Let's say I have string which might contain one or more IP addresses. How to match all of them and only valid ones using regex in ruby?
Currently, my solution looks like this:
IP_ADDR_REGEX = %r{
\b
(25[0-5]|2[0-4][0-9]|[01]?[0-9][0-9]?)\.
(25[0-5]|2[0-4][0-9]|[01]?[0-9][0-9]?)\.
(25[0-5]|2[0-4][0-9]|[01]?[0-9][0-9]?)\.
(25[0-5]|2[0-4][0-9]|[01]?[0-9][0-9]?)
\b
}x
This works well when IPs are separated with spaces e.g it extracts 192.168.1.1
from the text bla bla 192.168.1.1 bla
. However it still extracts 192.168.1.1
in this case: bla bla 192.168.1.1.1.1 bla
.
How to make it not match such cases? i.e when it is 192.168.1.1.1.1
my regex should not return a match. I've looked for many solutions about this problem but could not find what I want. I also tried to figure out the solution myself by matching only whitespaces in the end (because \b
matches a .
character as well) but I could not make it work.
Thanks
You may solve it by adding lookarounds that will fail the match if the IP-like string is preceded with a digit and a dot or is followed with a dot and a digit:
IP_ADDR_REGEX = %r{
\b # Word boundary
(?<!\d\.) # Negative lookbehind: no "X." before
(?:25[0-5]|2[0-4][0-9]|[01]?[0-9][0-9]?)\.

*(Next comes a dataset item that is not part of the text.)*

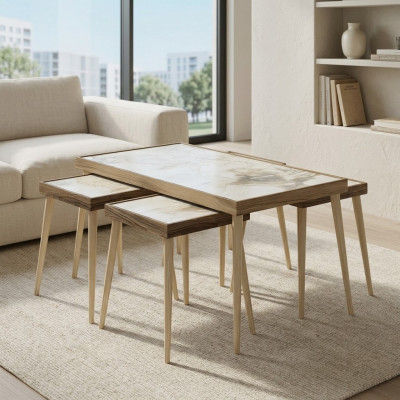 Eleganter Beistelltisch aus Holz in Beige für modernes Wohnambiente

(?:25[0-5]|2[0-4][0-9]|[01]?[0-9][0-9]?)\.
(?:25[0-5]|2[0-4][0-9]|[01]?[0-9][0-9]?)\.
(?:25[0-5]|2[0-4][0-9]|[01]?[0-9][0-9]?)
\b # Word boundary
(?!\.\d) # Negative lookahead: no ".X" after
}x
Note that in case you only want to limit matches to whitespace-separated substrings use
IP_ADDR_REGEX = %r{
(?<!\S) # Position not preceded with non-whitespace char
(?:25[0-5]|2[0-4][0-9]|[01]?[0-9][0-9]?)\.
(?:25[0-5]|2[0-4][0-9]|[01]?[0-9][0-9]?)\.
(?:25[0-5]|2[0-4][0-9]|[01]?[0-9][0-9]?)\.
(?:25[0-5]|2[0-4][0-9]|[01]?[0-9][0-9]?)
(?!\S) # Position not followed with non-whitespace char
}x
Note that (?:...)
non-capturing group will enable easier usage with String#scan
method to collect all matches from strings.